## REQUIREMENT
A stretch of the entries below is to be set down exactly, running from the line with "Оригинал Nike мужские кроссовки" through the line with "Florida Fine Cars", both included, and no other line.

## DATA TO USE
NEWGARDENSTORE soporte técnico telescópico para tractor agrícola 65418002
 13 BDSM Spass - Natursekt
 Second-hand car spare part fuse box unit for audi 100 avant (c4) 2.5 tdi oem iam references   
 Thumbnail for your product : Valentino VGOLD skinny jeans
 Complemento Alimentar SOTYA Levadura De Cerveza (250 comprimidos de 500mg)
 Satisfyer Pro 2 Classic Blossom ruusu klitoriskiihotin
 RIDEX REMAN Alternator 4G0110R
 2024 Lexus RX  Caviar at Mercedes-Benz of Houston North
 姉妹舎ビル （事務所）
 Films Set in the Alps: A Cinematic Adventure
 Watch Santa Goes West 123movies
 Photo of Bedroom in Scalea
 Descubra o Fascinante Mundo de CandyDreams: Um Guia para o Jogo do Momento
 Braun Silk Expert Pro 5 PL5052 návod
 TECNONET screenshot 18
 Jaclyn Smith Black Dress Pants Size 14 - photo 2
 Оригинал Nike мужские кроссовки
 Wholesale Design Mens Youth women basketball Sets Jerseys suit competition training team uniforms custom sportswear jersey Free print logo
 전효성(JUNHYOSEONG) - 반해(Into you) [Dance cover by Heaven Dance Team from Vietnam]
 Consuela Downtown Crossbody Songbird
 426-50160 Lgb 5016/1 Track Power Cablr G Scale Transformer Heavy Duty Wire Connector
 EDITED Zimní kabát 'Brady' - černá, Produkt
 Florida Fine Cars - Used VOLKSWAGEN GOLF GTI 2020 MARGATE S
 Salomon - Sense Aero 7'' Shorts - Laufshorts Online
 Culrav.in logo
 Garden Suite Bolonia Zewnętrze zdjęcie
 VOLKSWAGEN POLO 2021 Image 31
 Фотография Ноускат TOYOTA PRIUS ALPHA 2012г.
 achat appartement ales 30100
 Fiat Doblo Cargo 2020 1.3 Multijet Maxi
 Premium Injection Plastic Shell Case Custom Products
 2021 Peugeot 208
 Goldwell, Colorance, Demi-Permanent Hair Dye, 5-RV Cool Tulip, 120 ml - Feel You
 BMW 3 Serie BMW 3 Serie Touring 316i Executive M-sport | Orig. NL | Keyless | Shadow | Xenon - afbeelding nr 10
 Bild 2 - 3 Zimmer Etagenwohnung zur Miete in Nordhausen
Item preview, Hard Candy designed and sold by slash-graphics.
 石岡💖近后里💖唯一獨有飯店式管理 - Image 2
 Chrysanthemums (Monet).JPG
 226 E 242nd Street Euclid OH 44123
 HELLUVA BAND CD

## RESPONSE TO THIS EXERCISE
 Оригинал Nike мужские кроссовки
 Wholesale Design Mens Youth women basketball Sets Jerseys suit competition training team uniforms custom sportswear jersey Free print logo
 전효성(JUNHYOSEONG) - 반해(Into you) [Dance cover by Heaven Dance Team from Vietnam]
 Consuela Downtown Crossbody Songbird
 426-50160 Lgb 5016/1 Track Power Cablr G Scale Transformer Heavy Duty Wire Connector
 EDITED Zimní kabát 'Brady' - černá, Produkt
 Florida Fine Cars - Used VOLKSWAGEN GOLF GTI 2020 MARGATE S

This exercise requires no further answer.